Task details:
Read through the listing and copy every line that contains the word "full".

Exercise input:
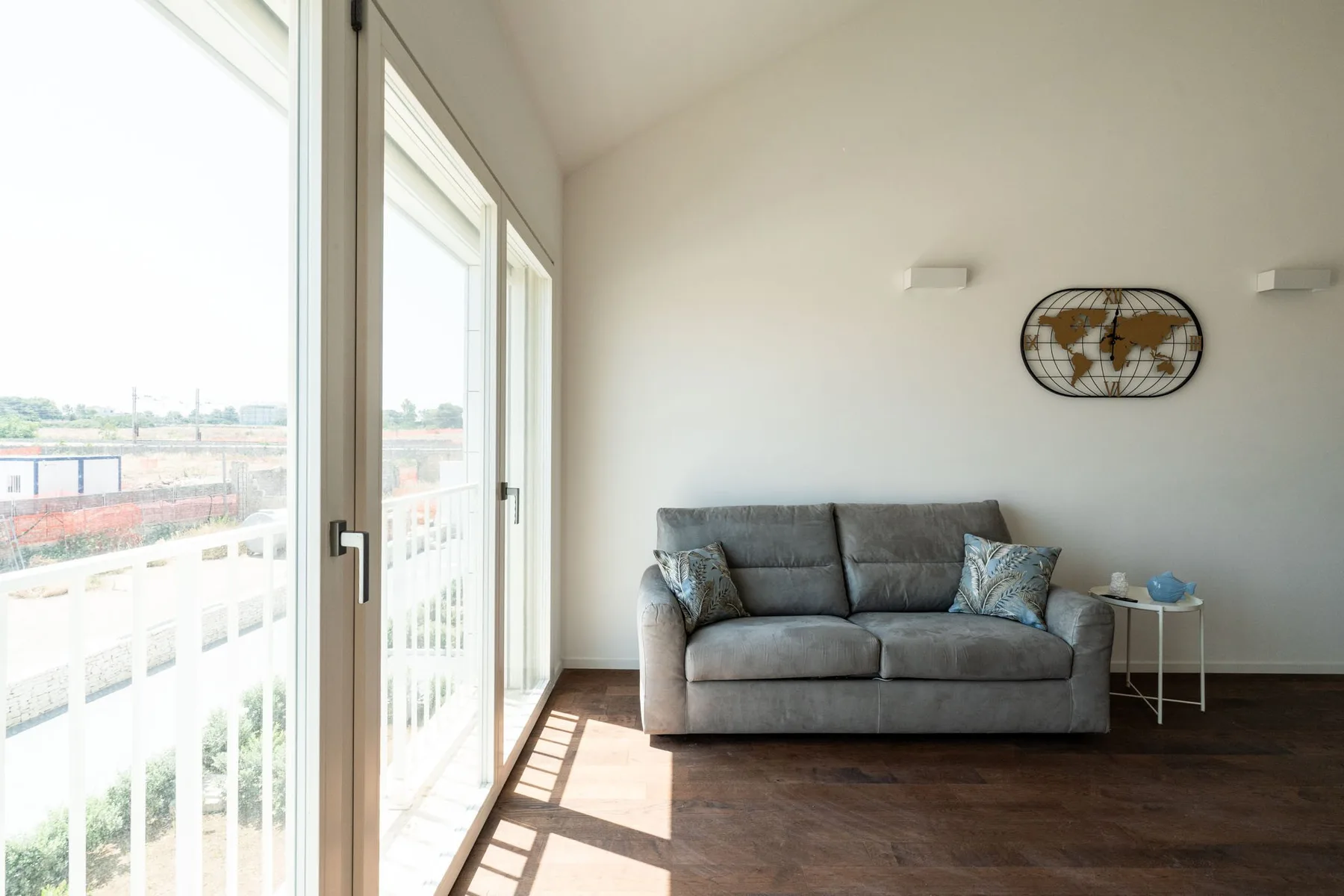 Una sala luminosa con un sofá gris junto a grandes ventanas.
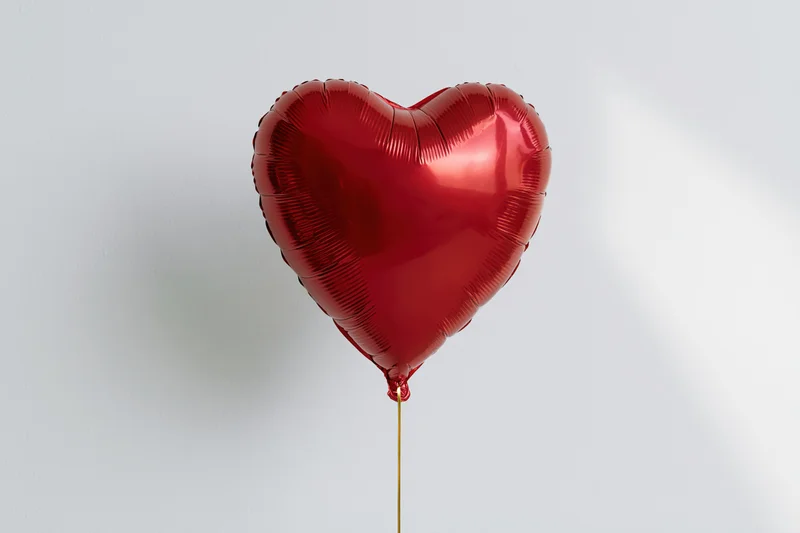 Red foil heart-shaped balloon floating on a gold string against a white background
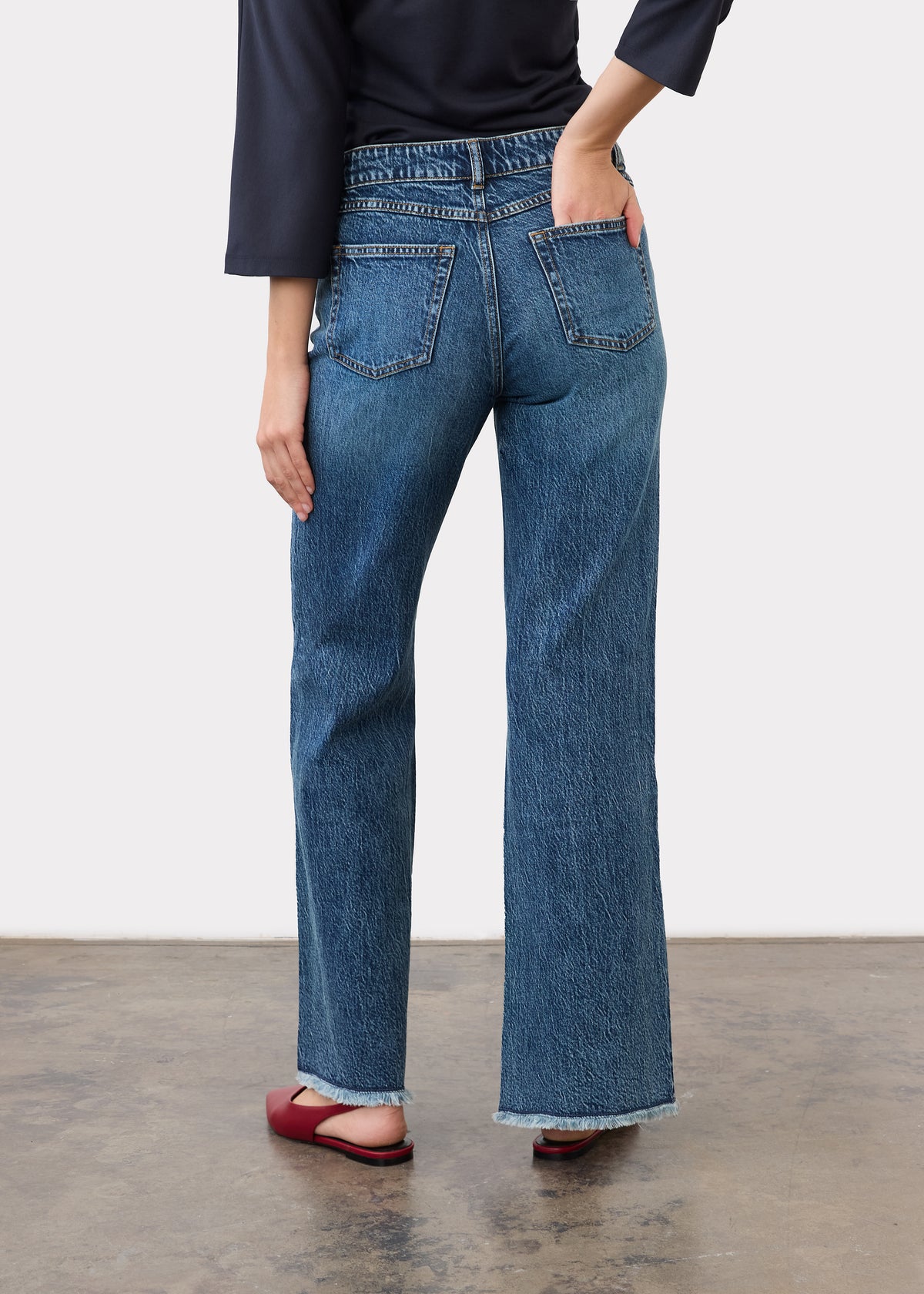 Back view showing patch pockets and bootleg cut in medium blue denim by French Dressing Jeans (FDJ)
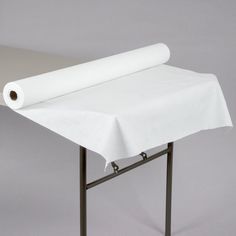 a roll of white paper sitting on top of a metal table with a cloth draped over it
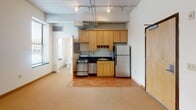 Located at 810 Hennepin Ave in the vibrant heart of Minneapolis, MN, this urban loft-style unit offers a compelling blend of industrial character and functional design. The open-concept layout maximizes the sense of space, with the living and kitchen areas flowing seamlessly together on hardwood flooring that transitions into carpeted zones.

The kitchen is well-appointed with warm maple cabinetry extending to the ceiling for generous storage, dark granite-style countertops, and stainless steel appliances including a gas range and full-size refrigerator. Exposed conduit, ductwork, and a concrete ceiling add an authentic industrial aesthetic throughout, complemented by track lighting that provides practical and stylish illumination.

The sleeping area is carpeted and quietly positioned, benefiting from natural light through a large window with views toward the surrounding urban streetscape. Exposed ceiling infrastructure continues here, reinforcing the loft character of the space.

The bathroom is clean and simply appointed, featuring a full soaking tub and shower combination, pedestal sink, and a round mirror — maintaining a bright, functional aesthetic with white finishes. A wood-paneled entry door adds a warm, modern touch at the entrance. This single-floor unit is ideally situated for those seeking a dynamic urban lifestyle in one of Minneapolis's most walkable corridors.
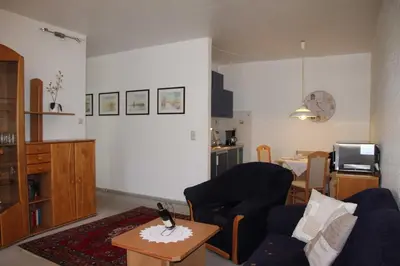 Ein Sitzbereich in der Unterkunft Appartement Scharf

Reply to the exercise:
The kitchen is well-appointed with warm maple cabinetry extending to the ceiling for generous storage, dark granite-style countertops, and stainless steel appliances including a gas range and full-size refrigerator. Exposed conduit, ductwork, and a concrete ceiling add an authentic industrial aesthetic throughout, complemented by track lighting that provides practical and stylish illumination.
The bathroom is clean and simply appointed, featuring a full soaking tub and shower combination, pedestal sink, and a round mirror — maintaining a bright, functional aesthetic with white finishes. A wood-paneled entry door adds a warm, modern touch at the entrance. This single-floor unit is ideally situated for those seeking a dynamic urban lifestyle in one of Minneapolis's most walkable corridors.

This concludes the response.